Search code examples
countcouchbasesql++

What are the factors that can make the item count differ from the item id count in couchbase?


On a 3-nodes Couchbase Community Edition 5.0.1 build 5003 cluster, couchbase indicates that it contains 12268503 items. However, when counting the ids, the result is 6132875.

What are the factors that can make the item count differ from the item id count in couchbase?

More precisely, when the following N1QL query is executed on a buckets - say Product

SELECT count(1) FROM Product

It gives

12268503

While when the count is made on the item ids

SELECT count(META(Product).id) FROM Product

It returns:

6132875

That is, the number of ids is less than 50% of the number of items.

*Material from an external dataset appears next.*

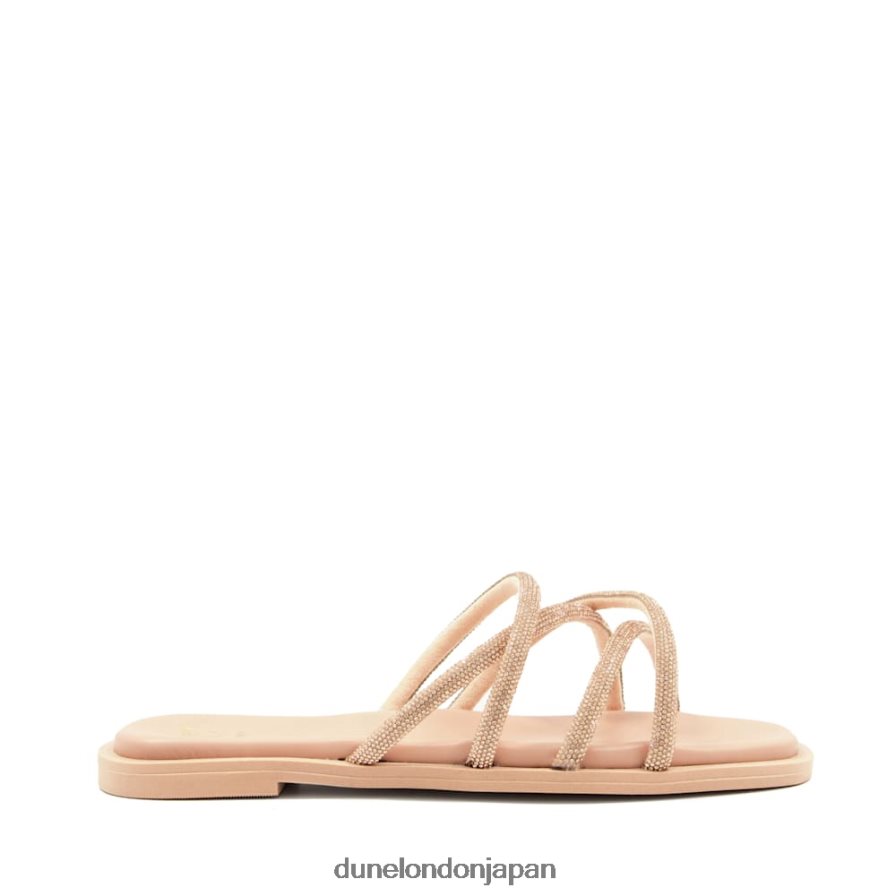 リリベット ディアマンテ クロスオーバーストラップ フラットサンダル 赤面 女性 Dune London 4JB82R451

Also, they was no operation (0 ops/s) on the bucket for several hours, which excludes the possibility of the primary index not catching up due to a traffic peak.

I pored through the couchbase blog & doc without finding any clues as for this count difference. Any pointer is much appreciated.


Solution

  • If the query has no predicate/no join and projection has single expression count(*), count(constant) the query gets the results from bucket stats and provide the info (takes sub milli seconds).

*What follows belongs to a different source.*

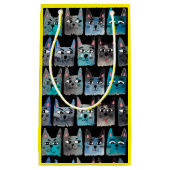 Blaue Katzen Kleine Geschenktüte (Vorderseite)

       SELECT count(*) FROM Product;
       SELECT count(1) FROM Product;
    

    The following is almost similar but COUNT argument is expression so it has to use index and do aggregation (As in this case document key which unique and must be string, optimizer should have considered as previous approach, As of now no optimization)

    SELECT count(META(Product).id) FROM Product
    

    In second case it uses index, Your index might have pending items and not caught up. Try use scan_consistency. Check the index stats start with.